In America, up until the late 1900s, the family farm as an economic unit could not exist without the free labor provided by children. The 9-months on, 3 months off school model we still use here in America is derived directly from the months children were needed for the harvest.

Since most of America lived in the country (and not the cities) in those years, large families were the norm. There is an early photo of a woman who gave birth to 26 children herself, with no twins or triplets. Incredible by today’s standards.

The morality of America at that time ( meaning most Christian religions) was set up to support the idea of God approving of large families, of God wanting women to be mothers, of God wanting women to stay at home and be homemakers. Morality re-enforced the only viable economic model of the time.

But then two remarkable labor-saving technologies appeared. The John Deere “sod buster” iron plow and the “engine”, first the steam and then the gas.

In the span of a single generation, farm work that used to require 10 or 12 people to do could now be done by 2 or 3.

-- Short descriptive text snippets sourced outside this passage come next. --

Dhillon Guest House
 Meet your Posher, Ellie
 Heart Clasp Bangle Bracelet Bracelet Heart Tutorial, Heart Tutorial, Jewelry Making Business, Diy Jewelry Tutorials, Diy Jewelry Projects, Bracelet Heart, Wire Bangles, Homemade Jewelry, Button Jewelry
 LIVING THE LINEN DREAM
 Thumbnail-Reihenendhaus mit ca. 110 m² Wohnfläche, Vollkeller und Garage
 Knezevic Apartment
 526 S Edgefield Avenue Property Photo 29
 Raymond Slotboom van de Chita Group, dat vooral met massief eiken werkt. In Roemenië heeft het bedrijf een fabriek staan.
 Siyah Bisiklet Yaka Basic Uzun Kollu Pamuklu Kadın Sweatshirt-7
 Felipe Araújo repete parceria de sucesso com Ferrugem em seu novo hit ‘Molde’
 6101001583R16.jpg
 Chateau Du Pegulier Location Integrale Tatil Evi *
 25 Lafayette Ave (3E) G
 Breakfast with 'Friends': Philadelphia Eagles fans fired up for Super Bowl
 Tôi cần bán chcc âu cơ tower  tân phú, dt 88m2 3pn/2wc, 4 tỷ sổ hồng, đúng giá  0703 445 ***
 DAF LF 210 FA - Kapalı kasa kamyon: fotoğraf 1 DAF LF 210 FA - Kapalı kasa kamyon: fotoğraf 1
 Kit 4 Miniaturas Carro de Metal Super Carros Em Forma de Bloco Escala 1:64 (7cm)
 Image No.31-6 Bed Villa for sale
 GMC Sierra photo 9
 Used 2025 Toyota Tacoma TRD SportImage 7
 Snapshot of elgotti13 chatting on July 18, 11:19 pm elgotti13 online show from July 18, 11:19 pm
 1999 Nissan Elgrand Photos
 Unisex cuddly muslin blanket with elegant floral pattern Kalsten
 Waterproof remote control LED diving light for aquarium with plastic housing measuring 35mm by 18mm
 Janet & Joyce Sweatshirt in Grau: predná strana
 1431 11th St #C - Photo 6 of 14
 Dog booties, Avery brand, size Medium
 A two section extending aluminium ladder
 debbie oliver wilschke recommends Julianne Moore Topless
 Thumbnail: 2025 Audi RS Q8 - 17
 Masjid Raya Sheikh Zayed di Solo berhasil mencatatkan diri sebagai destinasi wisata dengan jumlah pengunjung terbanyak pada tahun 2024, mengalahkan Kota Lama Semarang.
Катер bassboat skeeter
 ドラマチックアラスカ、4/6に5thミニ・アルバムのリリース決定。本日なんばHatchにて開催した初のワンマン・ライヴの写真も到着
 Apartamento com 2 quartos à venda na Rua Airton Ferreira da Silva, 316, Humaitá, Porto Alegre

Labor markets in the rural areas of America collapsed. This led directly to large-scale immigration into the cities and the rise of factories and automation in America.

And since women were now relieved of the burden of producing 12 or 15 children to avoid starvation, they were free to pursue other goals in their lives: The rise of women’s rights and the suffragette movement in America

It’s always amazing how the morality of America has always reflected the technology available at that time.

Don’t even get me started about the invention of the birth control pill in late 1950s and it’s effect on America.